To calculate proximity scores, we download all available AIS data that intersects each Sentinel-1 scene for a time window from 12 hours preceding Sentinel-1 image collection time to 1 hour after Sentinel-1 image collection time. Then we calculate three metrics to get a combined proximity score (P), as follows. For complete information on methods, please refer directly to the code in the GitHub repository.
Frechet distance (F). The Frechet distance is calculated between the path of a vessel and the path of a slick polygon. The path of the vessel is defined by the linear trajectory of its AIS points. The path of the slick polygon is defined by approximating its central trajectory vector. To approximate this vector, we use Voronoi polygonization to split the polygon, compute the centroids of each resulting shape, then fit a spline curve through those centroids to generate a linestring that can be compared to the vessel path using the Frechet distance.

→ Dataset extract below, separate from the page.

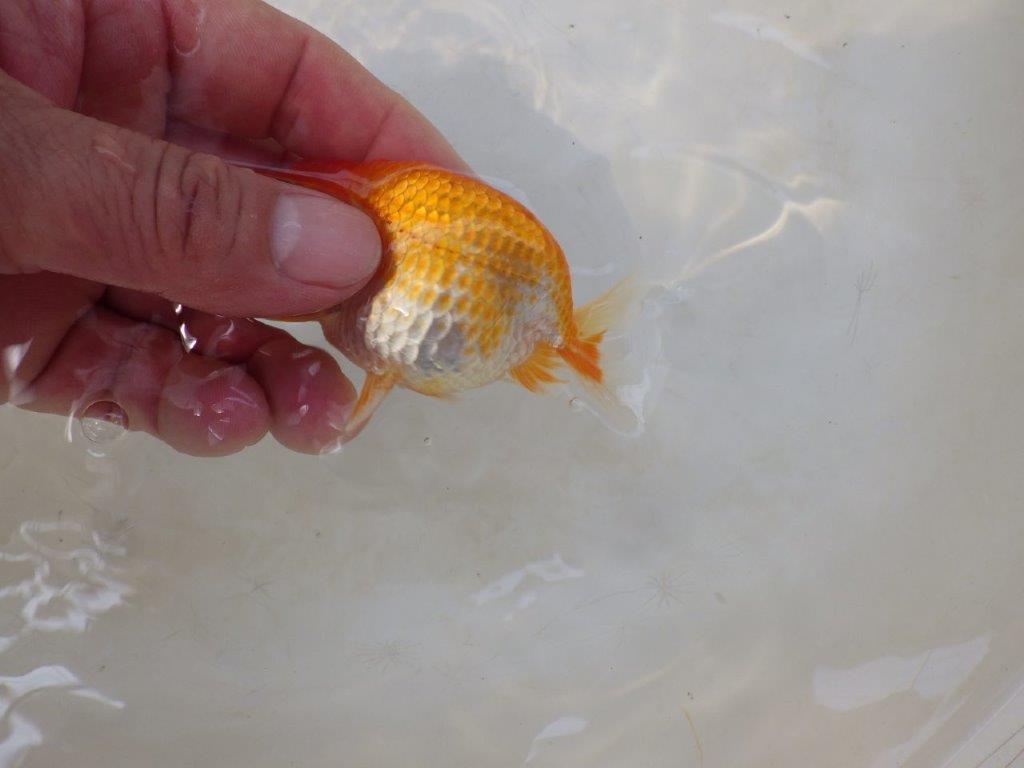 【日らん優等賞獲得ブリーダー】頭の雰囲気がとても良い当歳らんちゅう約~9,5㎝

Spatial overlap (S). We define spatial overlap as the intersecting area between the oil slick and the buffered vessel path. We use conical buffers to account for the fact that slicks drift over time, meaning that older portions of slicks tend to move a greater distance from their point of origin than newer portions of slicks. To do this, we create a cone around each track, resulting in a cone-shaped buffer like that shown below, with a narrower, more highly-weighted buffer at AIS positions closer to the time of Sentinel-1 image capture, and a wider, less-weighted buffer at older AIS positions.
Infrastructure source association
We compute the proximity of oil slicks to nearby pieces of offshore oil and gas infrastructure, such as oil platforms. Infrastructure locations are identified using SAR Fixed Infrastructure locations which are made available through the Global Fishing Watch API.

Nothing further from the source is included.